(Data items)
----

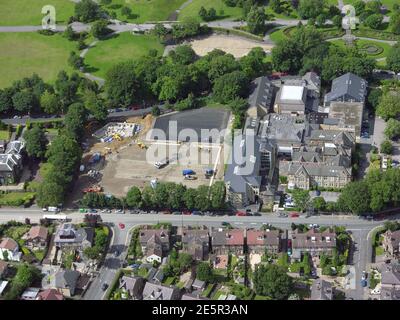 Vue aérienne de Greenhead College à Huddersfield, dans le West Yorkshire (avec un terrain de sport en construction par tous les temps) Banque D'Images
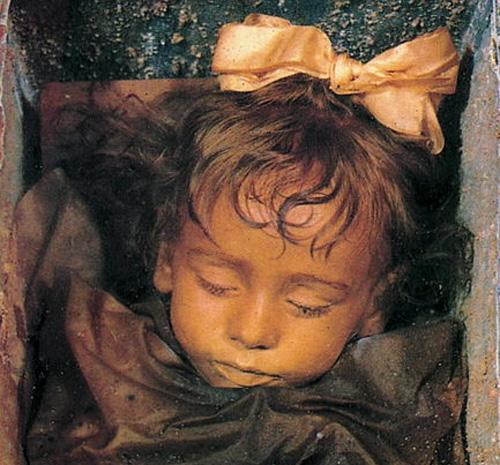 La triste historia de Rosalía: la momia más bella del mundo-0
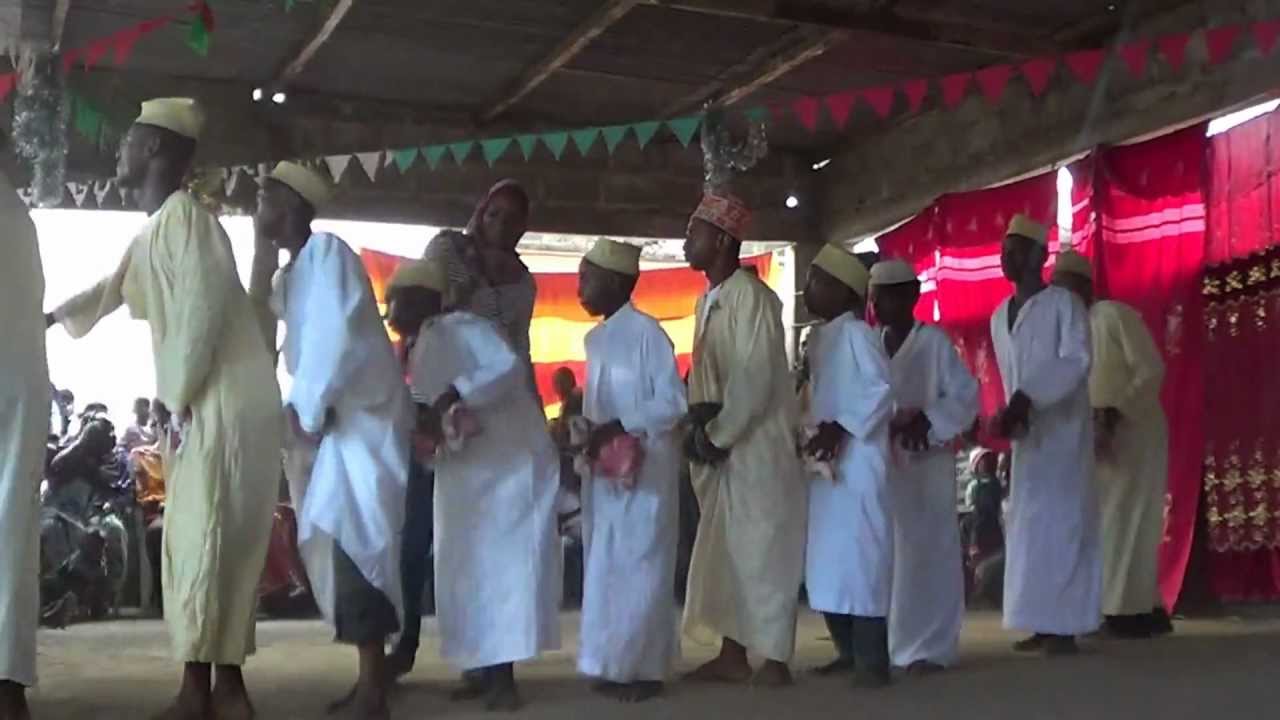 salimani hambou msaidié tchalé ngoma00070.MTS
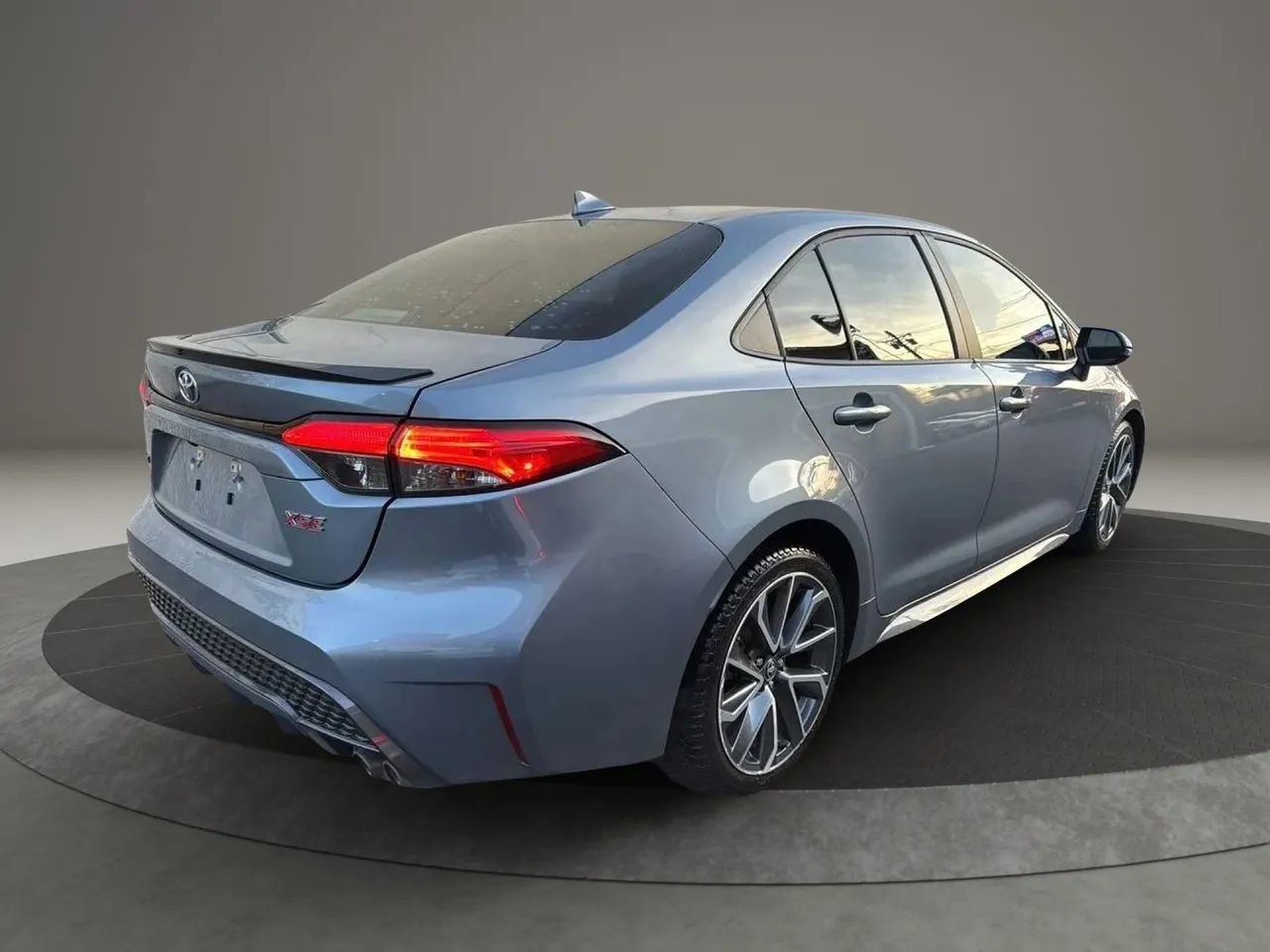 Used 2021 Toyota Corolla XSE image 5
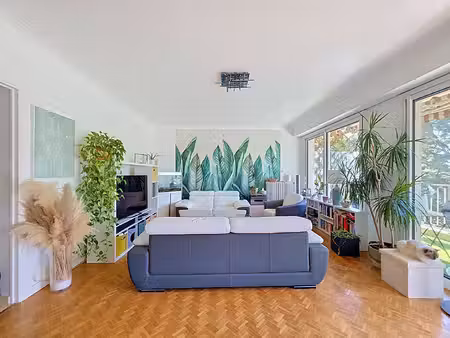 vente appartement 5 pièces  107.00m²  avrillé
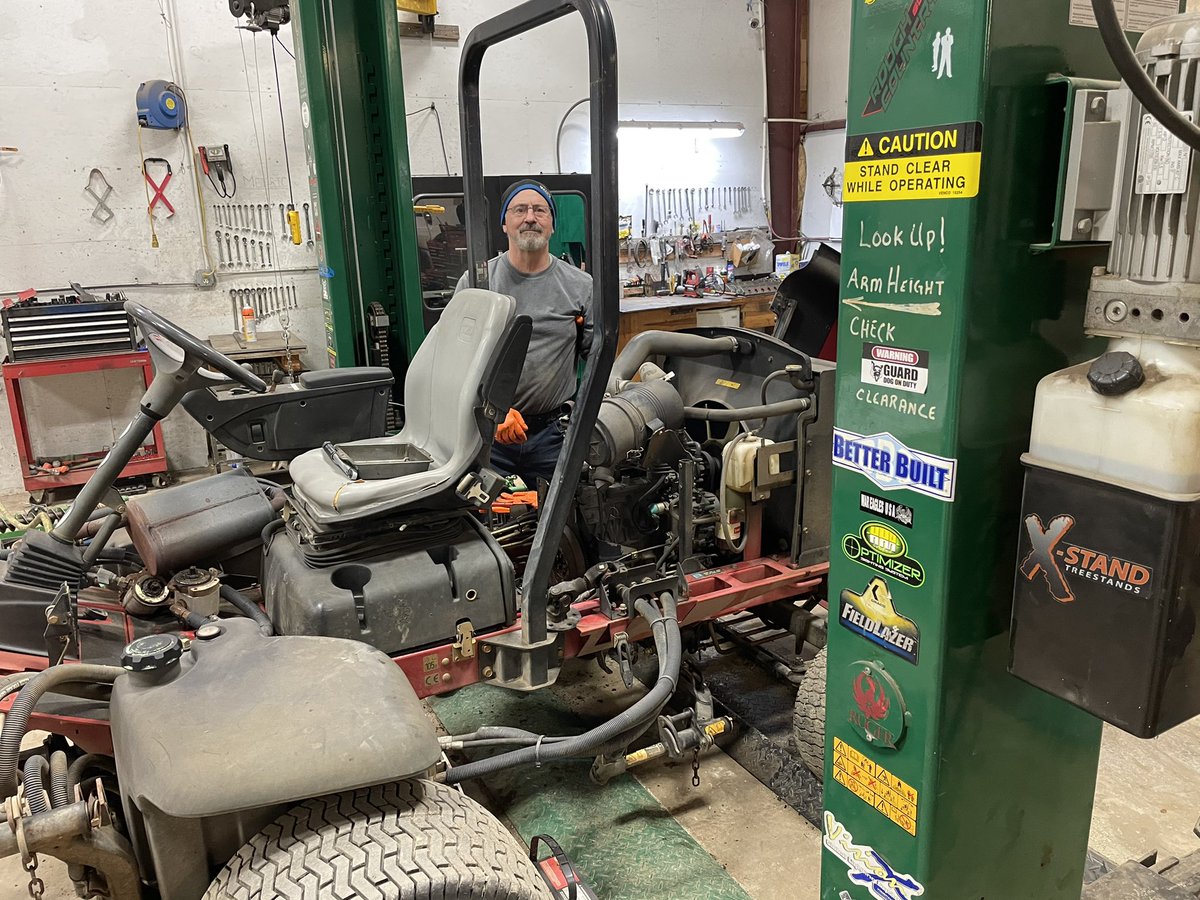 ITACTURF's tweet photo. People often ask (what does ITAC do in the winter when the weather is bad outside) ITAC owns over 200 trucks, trailers, tractors, skid steers, mower and other equipment that needs maintaining, not to mention servicing our customers equipment including reel sharpening. #ITACTURF https://t.co/FB2e0ULZTw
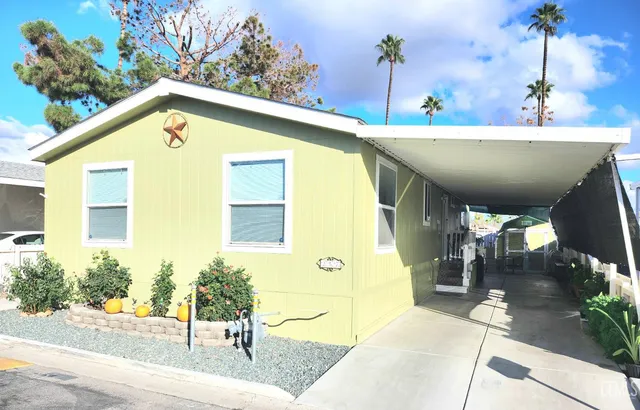 a view of a house with fountain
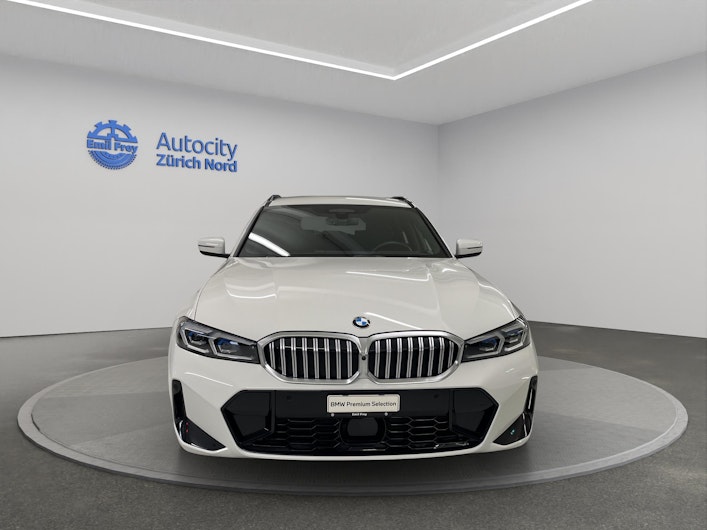 Vehicle image BMW 3 SERIES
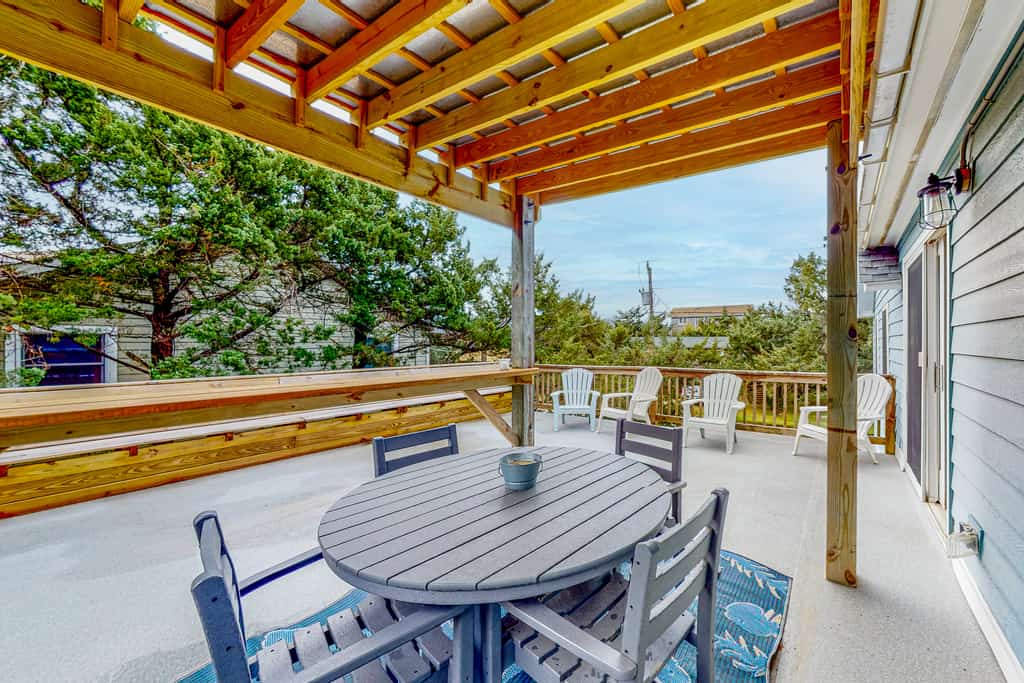 2-story home near the beach w/deck, outdoor shower, W/D, tennis, central A/C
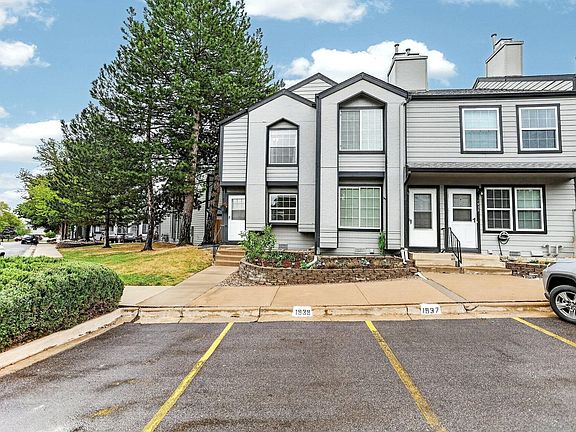 2nd image of 1939 Newland Ct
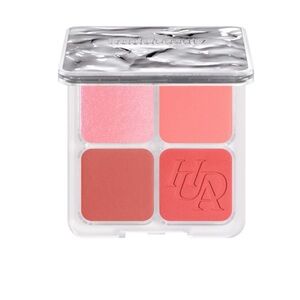 HUDA BEAUTY BLUSH QUAD ✨
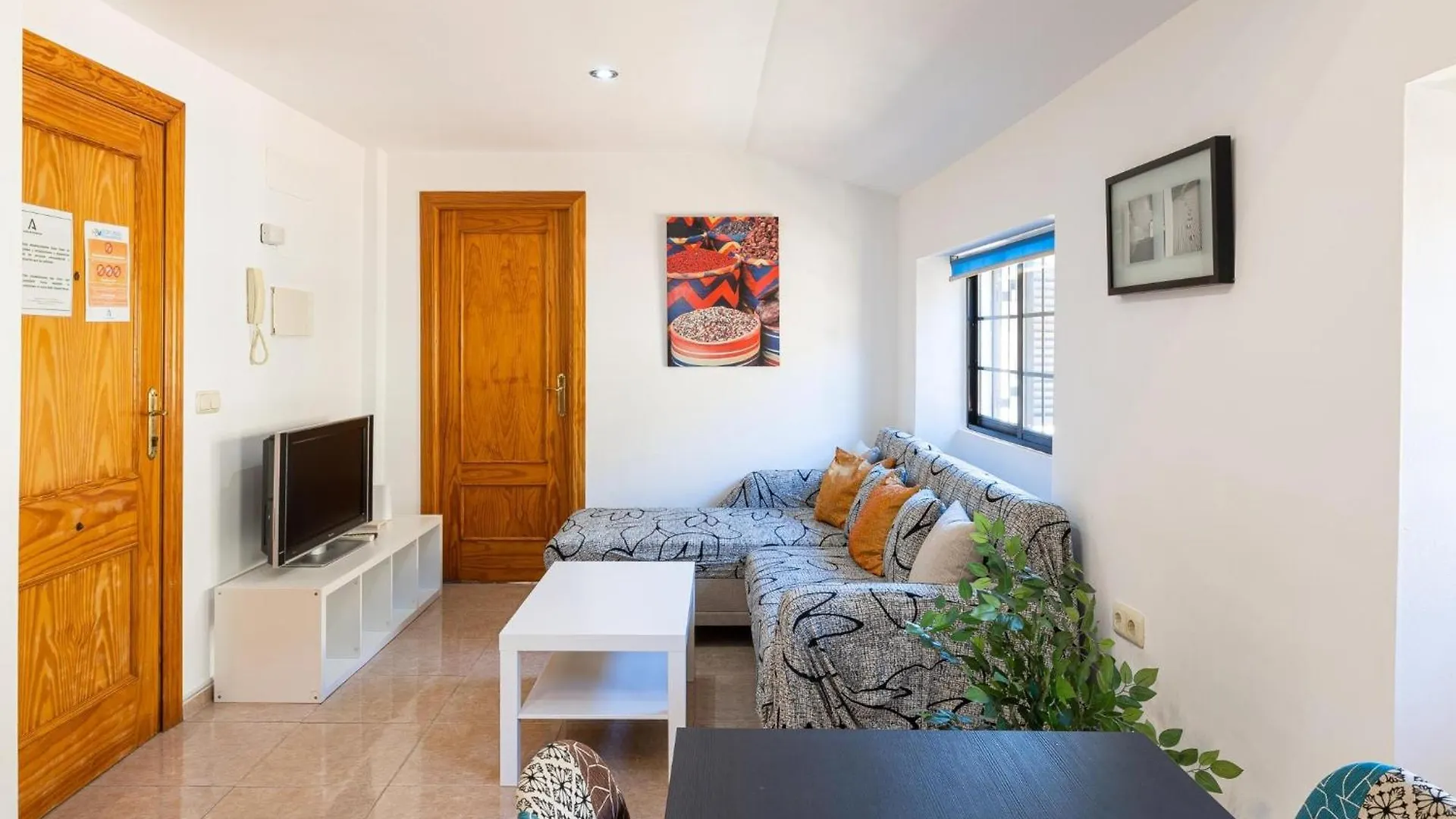 Apartment H2M Lazcano With Sunny Terrace In Old Town Malaga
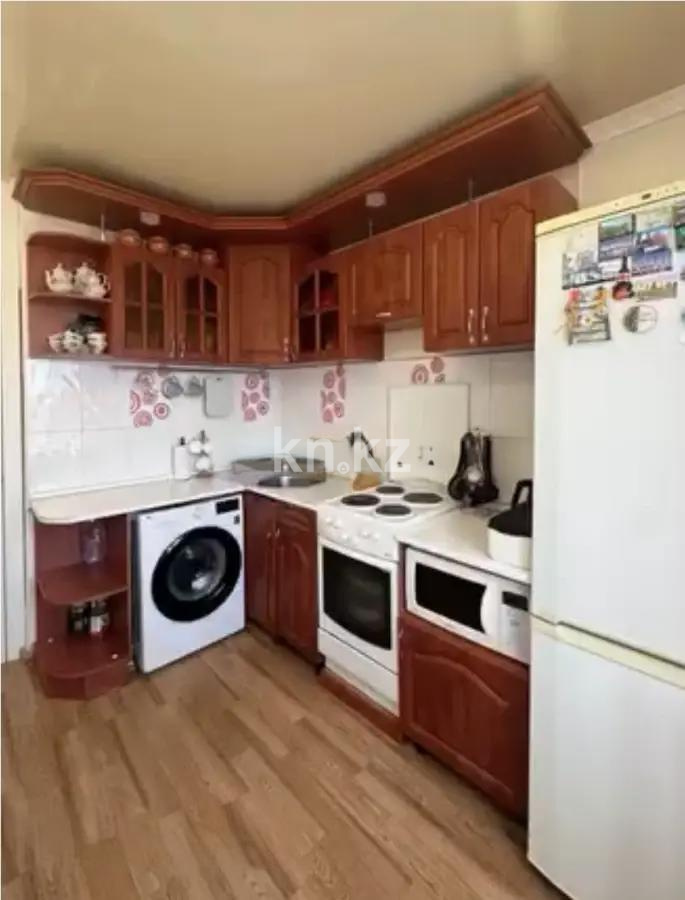 Продажа 4-комнатной квартиры, 77 м², мкр-н Степной-1, дом  7/45 в Караганде - фото 2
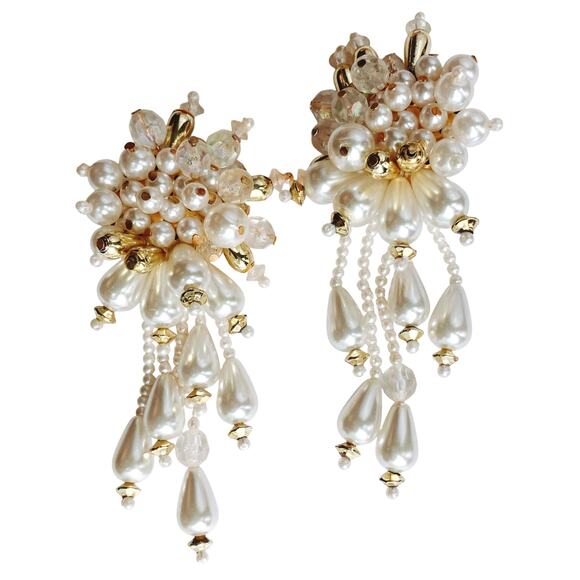 VTG Dangle Earrings Mid Century Gold Tone Faux Pearl AB Clip On 1960s - Picture 1 of 11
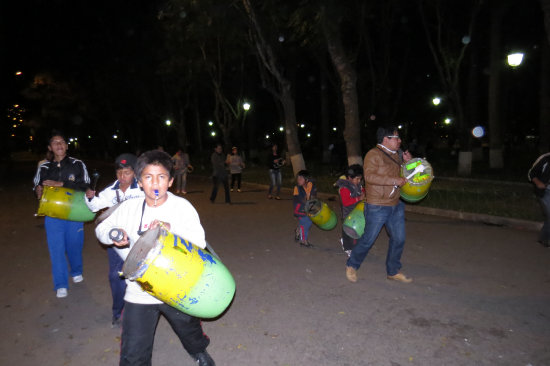 PREPARATIVOS. Las fraternidades intensificaron sus ensayos para la Entrada Folclrica del subsiguiente fin de semana.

----

» HOW TO COMPLETE THIS TASK
Would you copy the lines above exactly, starting with the one that has "2nd image of 1939 Newland Ct" and ending with the one that has "VTG Dangle Earrings", both included, without the pictures?

» OUTPUT FOR THIS EXERCISE
 2nd image of 1939 Newland Ct
 HUDA BEAUTY BLUSH QUAD ✨
 Apartment H2M Lazcano With Sunny Terrace In Old Town Malaga
 Продажа 4-комнатной квартиры, 77 м², мкр-н Степной-1, дом  7/45 в Караганде - фото 2
 VTG Dangle Earrings Mid Century Gold Tone Faux Pearl AB Clip On 1960s - Picture 1 of 11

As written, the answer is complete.